Religions & Doctrines
About this course
This course is intended as a capstone Aqeedah course. Many religions and ideologies in the world provide challenges for Muslims who encounter them or wish to successfully engage with them. The aim of this course is to enable the students to explore how a meaningful engagement with these challenges can be undertaken within the context of the classical Sunni theological tradition. The course will provide numerous cases where students can apply what they have learned in previous Sunni Aqeedah modules to questions of relevance in the world today. This should deepen their understanding of the classical Sunni theological tradition as well as develop critical thinking skills in applying principles and tenets of the faith tradition to various challenges in theology, ontology, epistemology ethics, and questions of social relevance. The course will not attempt a thorough study of these various religions and ideologies, which is impossible within the course timeframe. Rather, it will engage with specific challenges that these belief systems present, and focus on bringing forth authentic, robust and sound responses from a Sunni Aqeedah perspective. (3 credit hours)
About the Instructor(s)
Dr. David Solomon Jalajel is teaching Research Methodology and Logic at Mishkah University. Jalajel is also a researcher at the Prince Sultan Research Institute in Riyadh, Saudi Arabia. Formerly, he taught Islamic Theology and Legal Theory at the Dar al-Uloom in Cape Town, South Africa.
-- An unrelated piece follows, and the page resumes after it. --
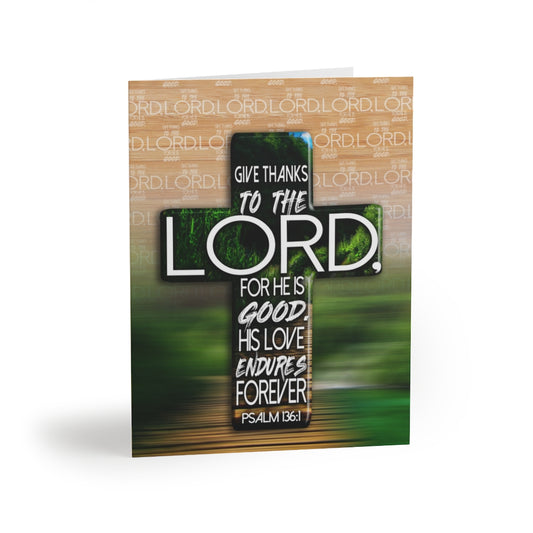 Give Thanks Greeting cards (8, 16, 24 pcs)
Jalajel holds a PhD in Arabic and Islamic Studies from the University of the Western Cape, where he also earned his MA. He graduated from the Dar al-Uloom in Cape Town, South Africa where he continued to earn the Higher Specialisation in Islamic Law and the Higher Specialisation in Arabic Language. He has published three books: Women and Leadership in Islamic Law: A Critical Analysis of Classical Legal Texts (Routledge), Expressing I’rab: The Presentation of Arabic Grammatical Analysis (UWC) and Islam and Biological Evolution: Exploring Classical Sources and Methodologies (UWC).
His research interests concern how traditional approaches to Islamic theology and law relate to contemporary Muslim society.